COLORADO SPRINGS — There have been ongoing repercussions from a grand jury decision that found the deadly officer-involved shooting of De'Von Bailey was justified, which continues to spark protest, and most recently, criminal activity to try and make a point.
On Tuesday, the City of Colorado Springs woke up to see the new welcome sign vandalized, part of which read Bailey's name. News 5 spoke with a professor who said long before the shooting of Bailey, there have been underlying racial issues in the city. "There are individuals who think that the city does not embrace their communities of color, particularly African-American and Latino youth," said Stephany Rose Spaulding, a professor of ethnic studies at the University of Colorado Colorado Springs.
Spaulding also said the city needs to have a conversation about racism and how it impacts everyone in the community. "Actually have conversations with people in their communities, not necessarily bringing them to a state of the city address, but sitting with them, in their communities, listening and learning what their concerns are," said Spaulding.
It's a concept Councilmember Yolanda Avila agrees with, and she wants to see people express their opinions at City Hall. "Racism is systemic throughout the nation... We are all one, and what happens to someone in Southeast hurts someone in Northwest," said Avila.
Those with the Colorado Springs Police Department said vandalism is not the way to express an opinion. "Any type of criminal activity or vandalism is just not acceptable, and there's no reason to do that, it doesn't help anybody," said Lieutenant Jim Sokolik.
However, Lt.
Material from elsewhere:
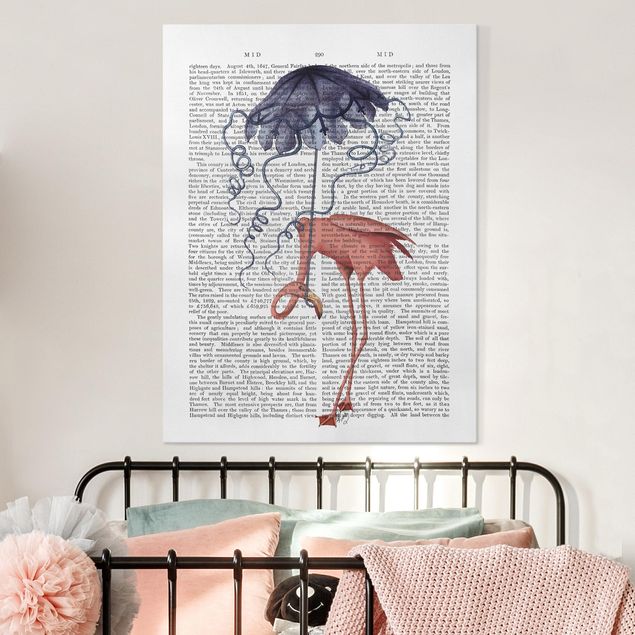 Leinwandbilder Vögel Tierlektüre - Flamingo mit Regenschirm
Sokolik did say CSPD is proud of the protests. "That's a first amendment right, that's a very American right, and we're here to protect the right to do that," said Lt. Sokolik.
At the end of the day, Lt. Sokolik said those with CSPD are part of the community too. "There's no room for racism in the police department. What we do is not based upon somebody's race, it's not based upon their socioeconomic status, it's not based on their religion. When you call for the police, we're going to come and assist you," said Lt. Sokolik.
Spaulding said the responsibility lies with our city leaders to reach out to these communities, give them a seat at the table, and allow them to have a platform for an open and honest discussion about racism.